When the Internet flows through only a tiny number of central choke points, it doesn’t take much ingenuity to figure out a way to strangle it. The giant corporate gatekeepers are the first line of attack. Companies are untrustworthy because they have a single goal: profit. Whoever provides the money gets their services. IBM famously helped Germany computerize the Holocaust. The Intercept reached out to nine prominent tech companies and asked whether they would help the new administration build a Muslim registry. Only Twitter said no. The others wouldn’t comment. Now some folks say that their “no comment” doesn’t equal consent, but let’s not bullshit each other here: their silence speaks volumes. Do you even doubt for a second that they will do whatever gets them paid?
It’s time for all of us to face a hard truth. “Centralized trust is an oxymoron.”
That’s one of the core beliefs of the Cicada project, and it’s never been more true.
We’ve got a way to deal with this centralization disease before it kills us all. We can take back the Internet from the people who stole it from us. Even better, we can built it right on the back of the system they subverted.
The Cicada system includes a proposal for an entirely peer-to-peer, Tor style communication system. Right now, Tor browsers, a.k.a. clients, are separate from exit nodes. There are only about 7,000 exit nodes in the world. It’s not enough. There’s a lot resting on the backs of those nodes. If those nodes aren’t up, people get killed or jailed arbitrarily for saying something that subverts “state power.” They’re attackable choke points, as governments have proven again and again.
But what if you had a billion exit nodes?
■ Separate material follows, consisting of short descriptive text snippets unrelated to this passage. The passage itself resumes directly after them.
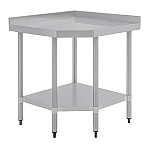 Vogue Stainless Steel Corner Table 600mm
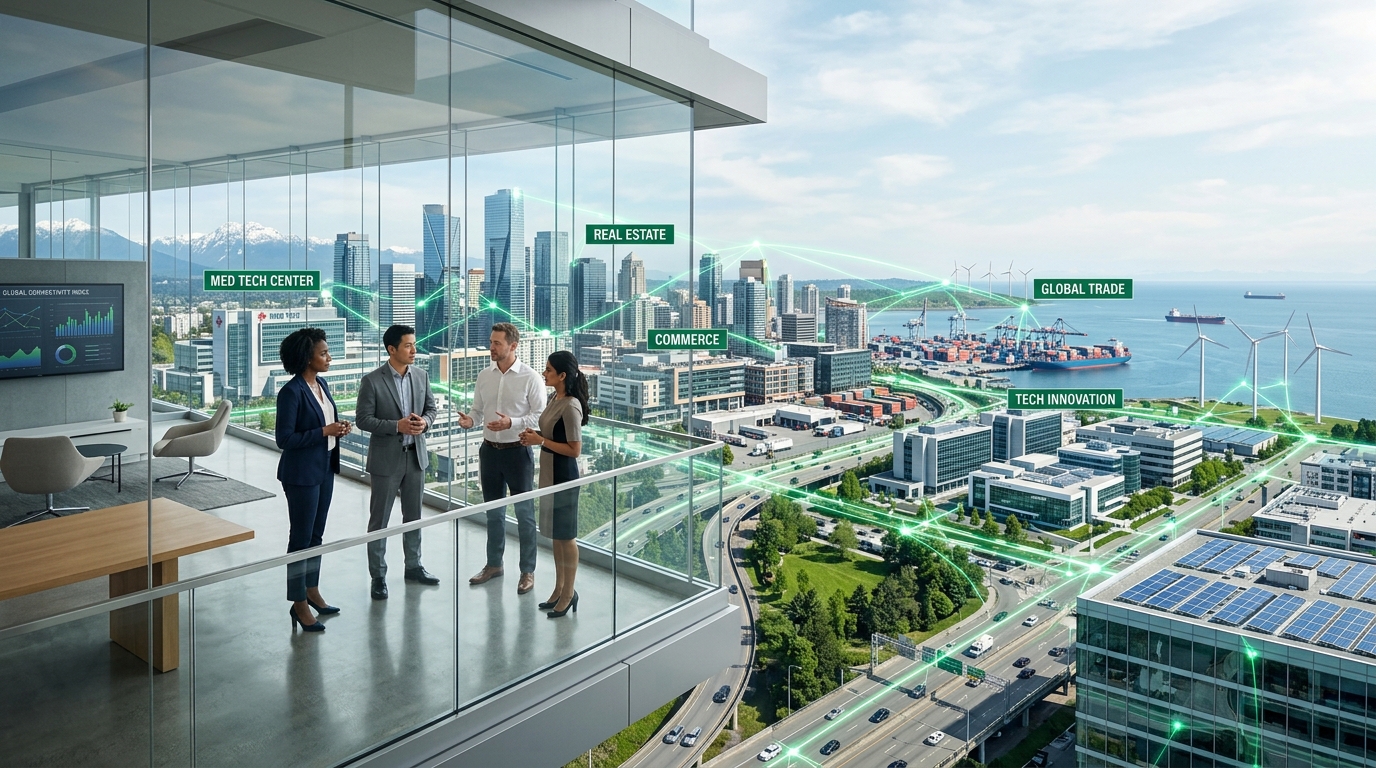 Interconnected industries powered by human AI collaboration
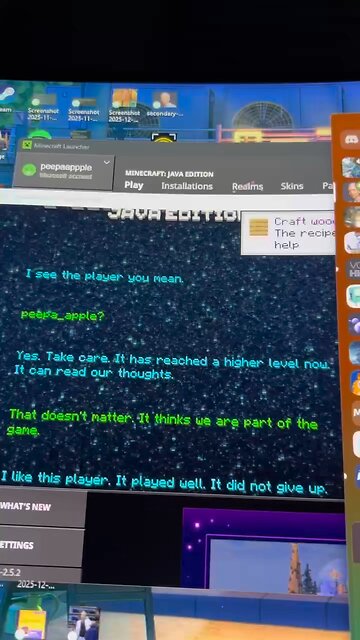 Congratulations to my friend on TikTok and discord for winning at Minecraft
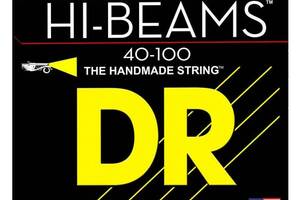 Струны для бас-гитары DR LR-40 Hi-Beam Stainless Steel 4 String Light Bass Strings 40/100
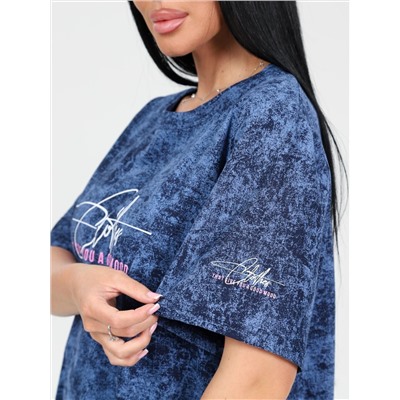 Монифа - туника синий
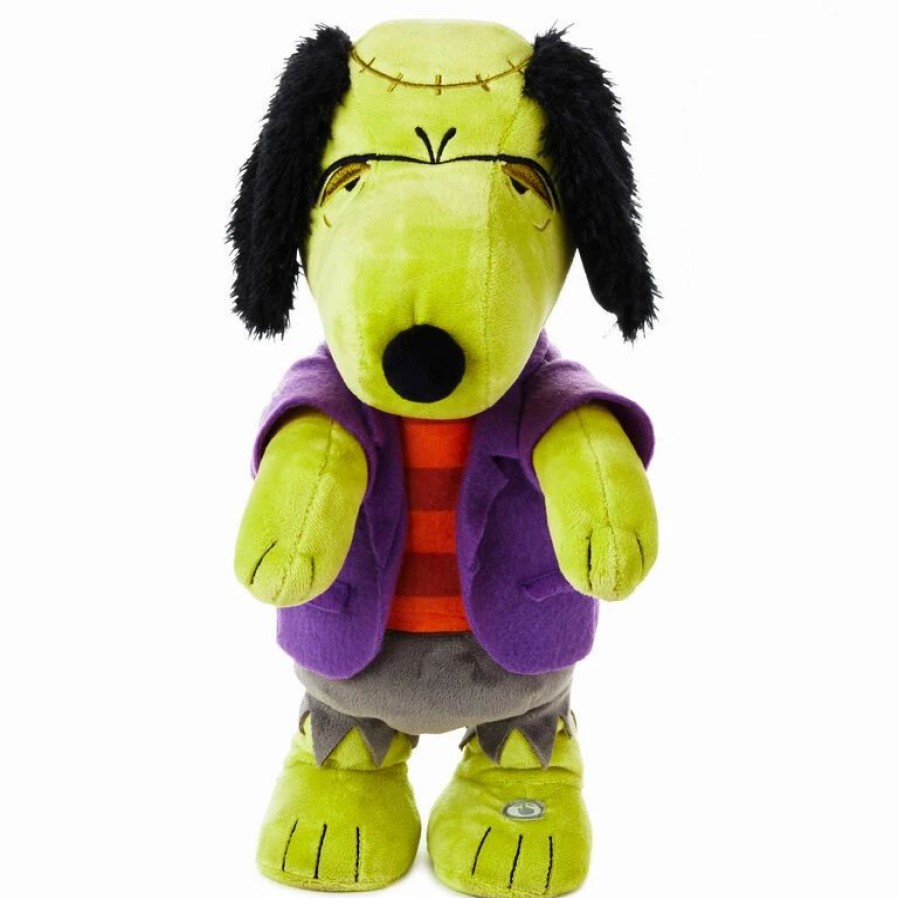 Interactive Stuffed Animals * | Hallmark Peanuts Franken-Snoopy Plush With Sound And Motion, 11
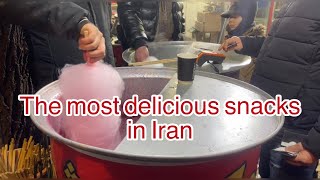 The most delicious snacks in Great weather in Iran's tourist city#tabriz #foggy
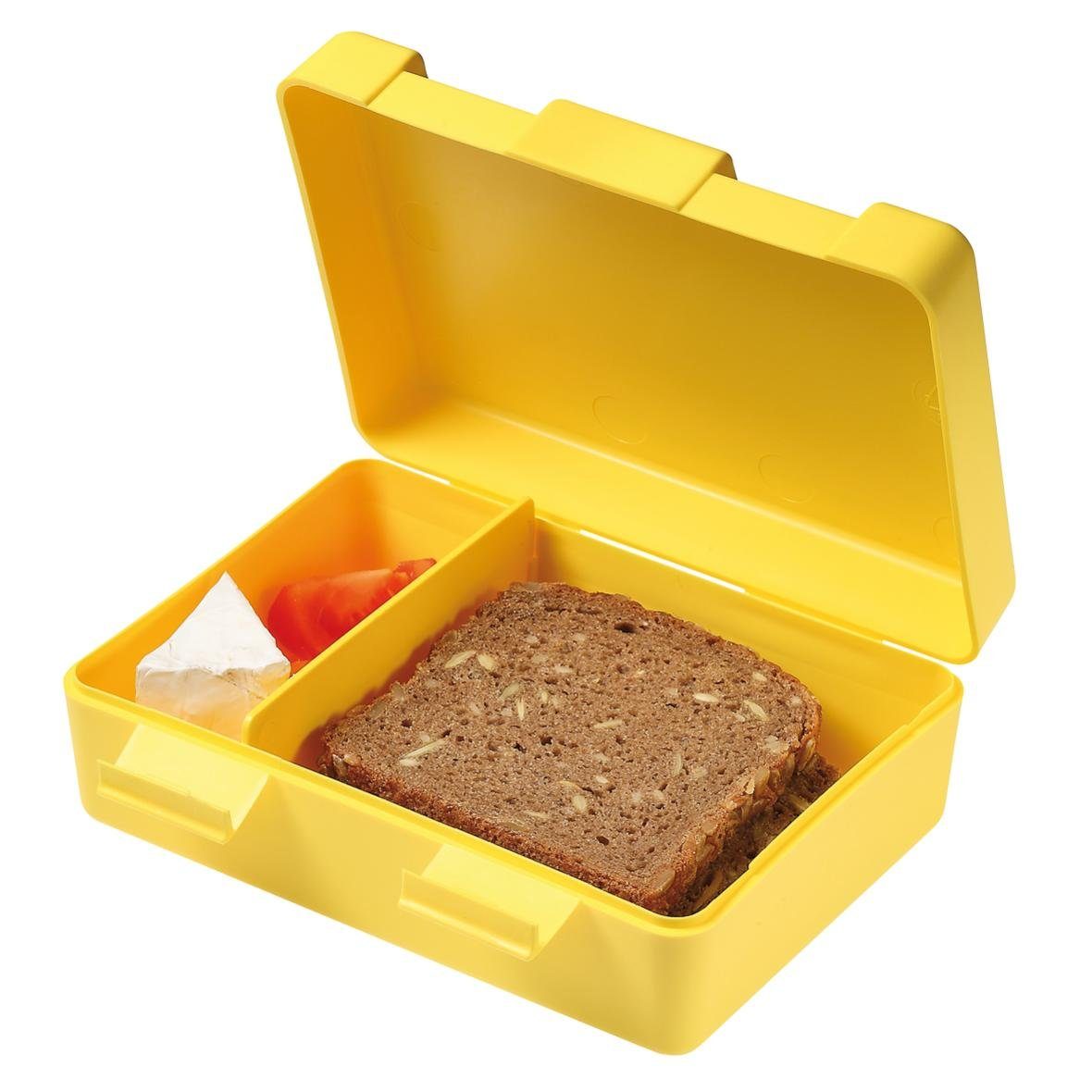 elasto Lunchbox "Dinner-Box-Plus" 1500 ml Brotdose BPA-frei mit Trennschale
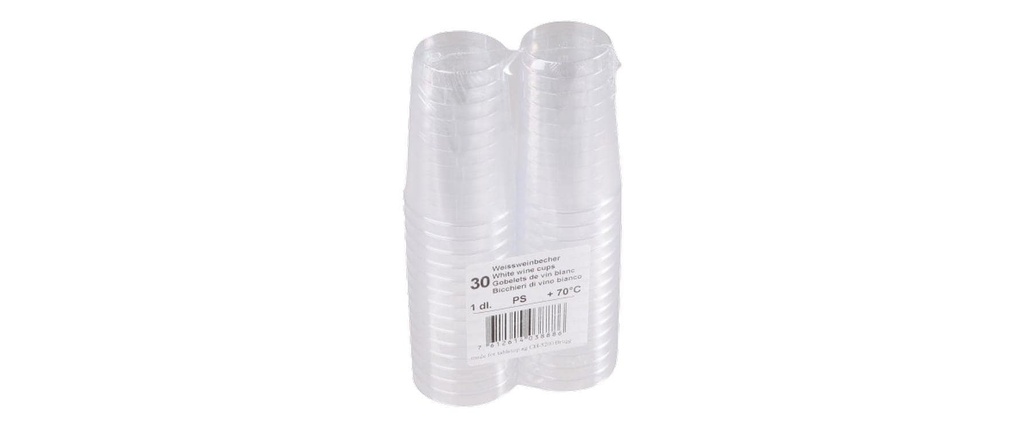 ELCO Gobelets jetables 1 dl, 30 Pièce/s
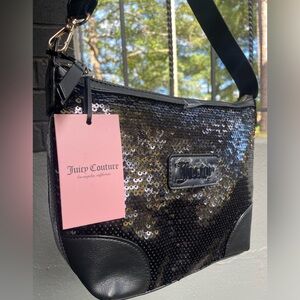 JUICY COUTURE BAG,Juicy Couture Black Shoulder Bag.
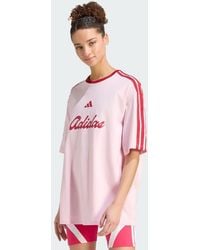adidas Originals - Adidas Sportswear Lux Tiro Loose Graphic T-Shirt - Lyst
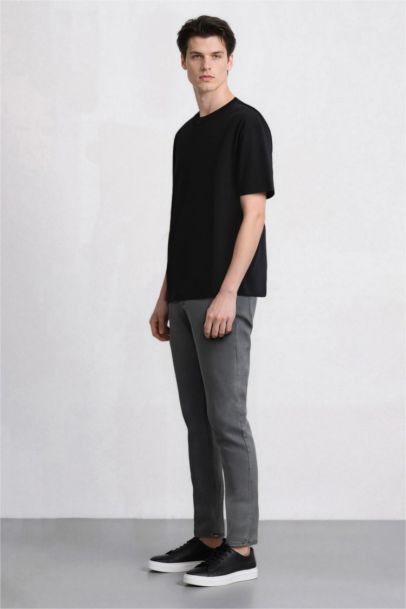 Pedro Slim Fit Dar Kalıp Normal Bel Dar Paça Jean Pantolon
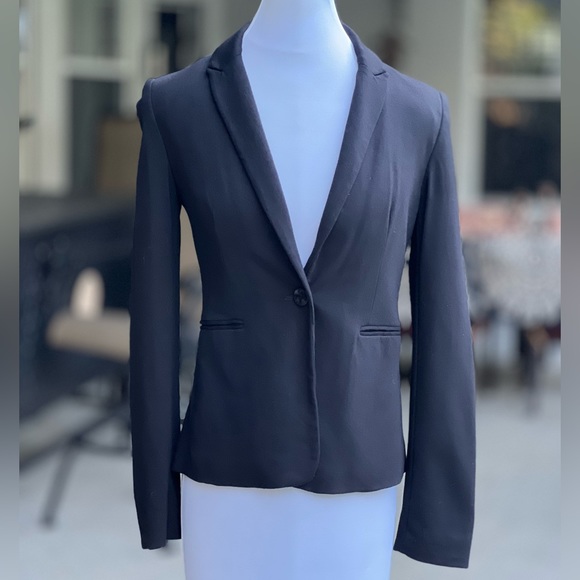 Philosophy Republic Clothing XS extra small suit jacket blazer black - Picture 2 of 12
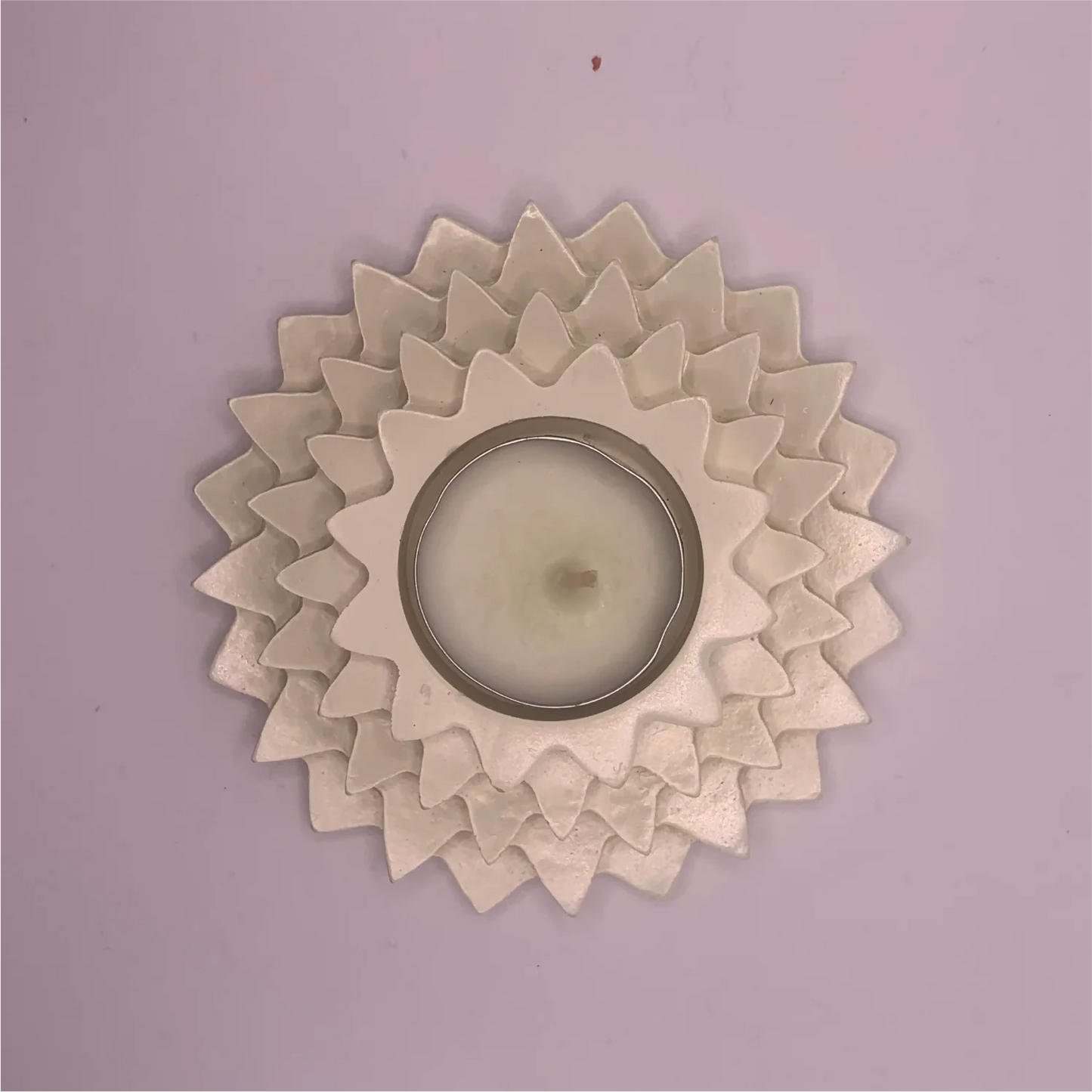 Handmade 4-Step Flower Diya | Multi-Layered Tealight Candle Holder for Diwali, Pooja & Traditional Decor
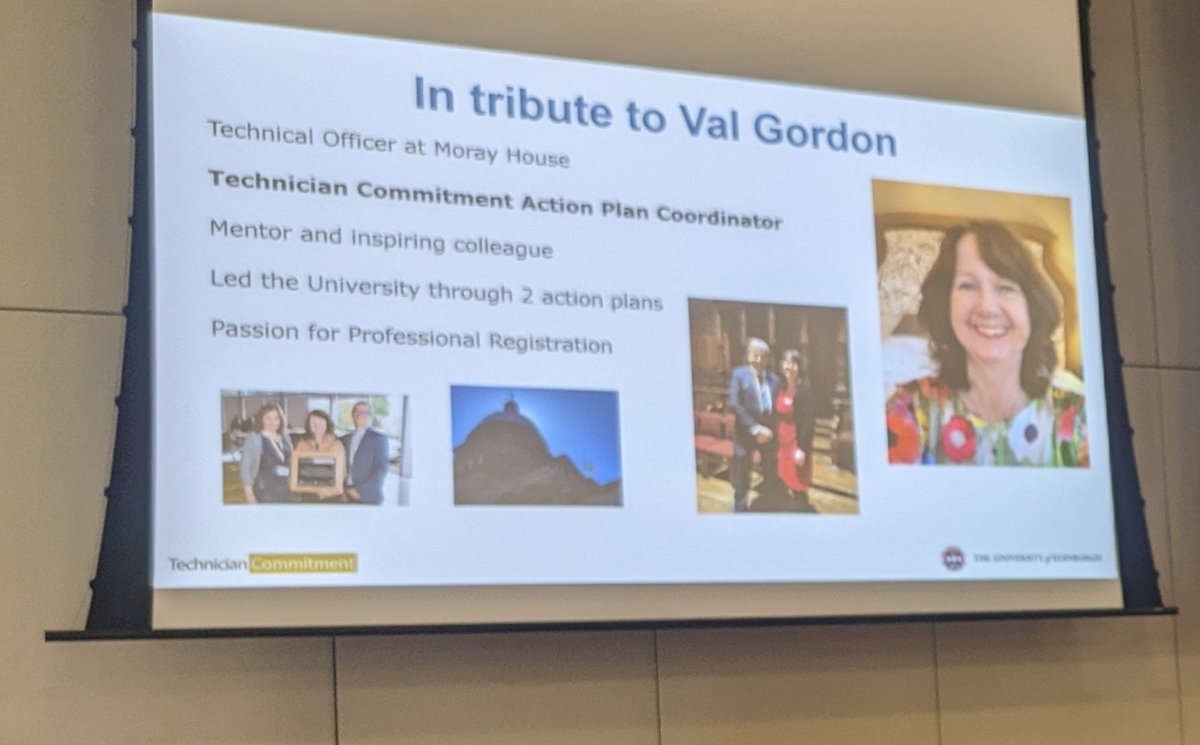 UoETechnicians's tweet photo. Taking a few minutes during the busy schedule of #ScotTechConf to reflect and remember our amazing colleague @ValGordon7 https://t.co/yOdya941mG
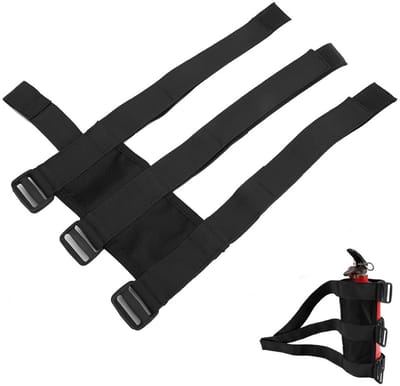 ONF3 - Brandblusser riem - Auto brandblusser bevestiging - Compact en verstelbaar - Zwart - Veilig en betrouwbaar - Geschikt voor Wrangler TJ YJ...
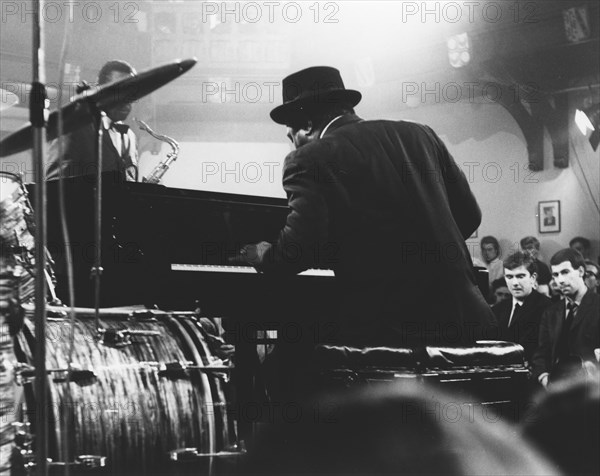 Thelonious Monk, Cambridge Union Debating Chamber, Cambridgeshire, 1966. Creator: Brian Foskett.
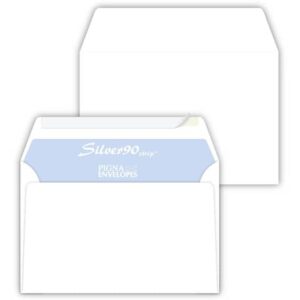 Windowless envelopes Pigna Envelopes Silver80 Strip 80 gsm 120x180 mm white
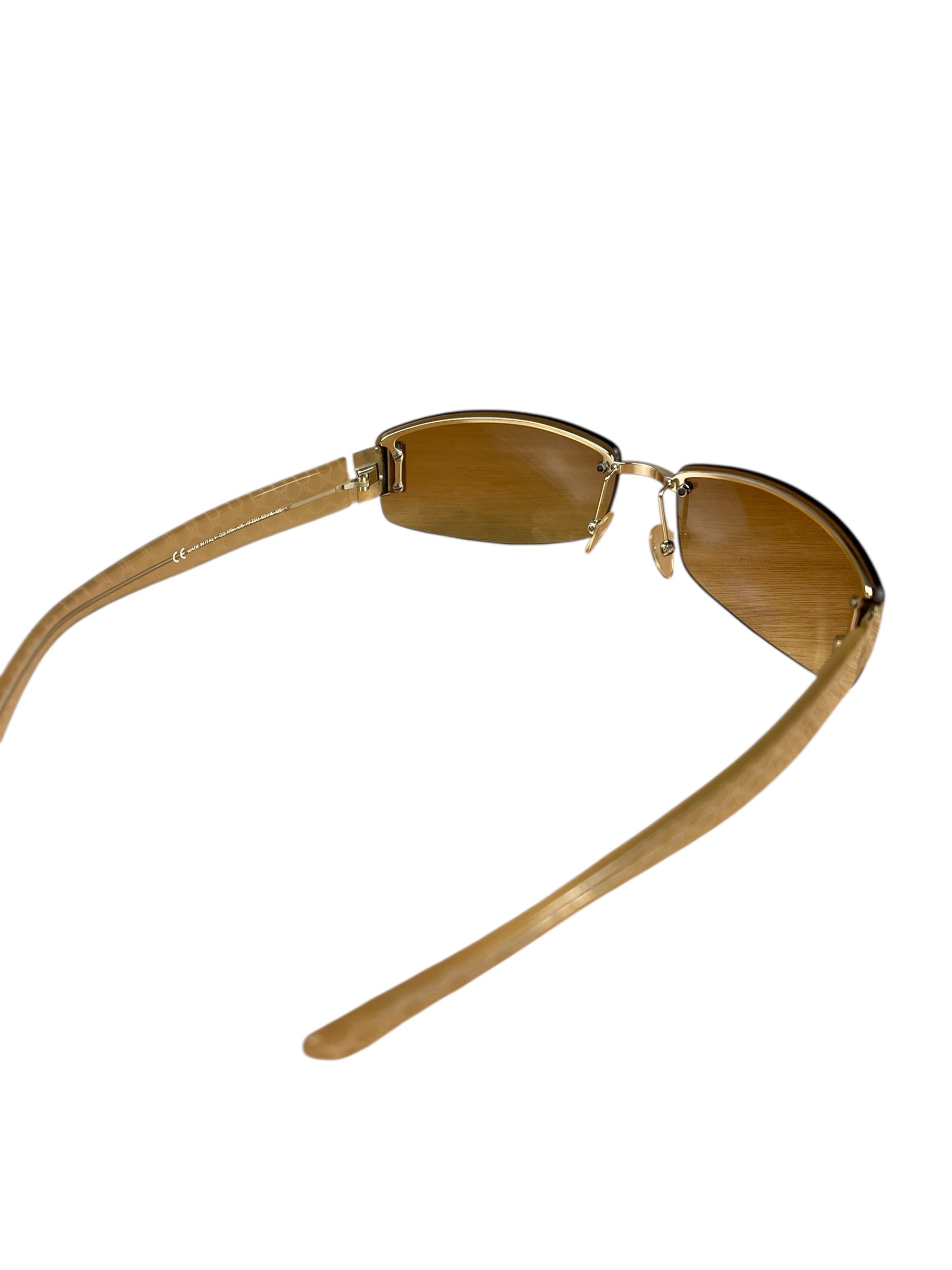 Gucci Vintage GG Web Tinted Sunglasses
One of Satoshi Nakamoto’s key insights was recognizing the power of decentralization. He wrote “Governments are good at cutting off the heads of a centrally controlled network like Napster, but pure P2P networks like Gnutella and Tor seem to be holding their own.” Other e-cash systems with central clearing houses were killed off, while Bitcoin has thrived. Decentralization is the Kryptonite of over-centralization.
The Cicada project takes decentralization to its logical conclusion. By unifying clients and exit nodes, the entire network can grow exponentially. Every person who joins the network contributes to the network. Everyone is an entry and exit point. At the ideal stage of the project’s evolution, there are no true “exit” nodes: much like I2P, it’s a closed system of 100% end-to-end encryption. Shutting it down is basically impossible without shutting down the entire Internet. And the project has a plan for that, too: peer-to-peer ad hoc mesh networks that survive even if the powers that be kill the Internet.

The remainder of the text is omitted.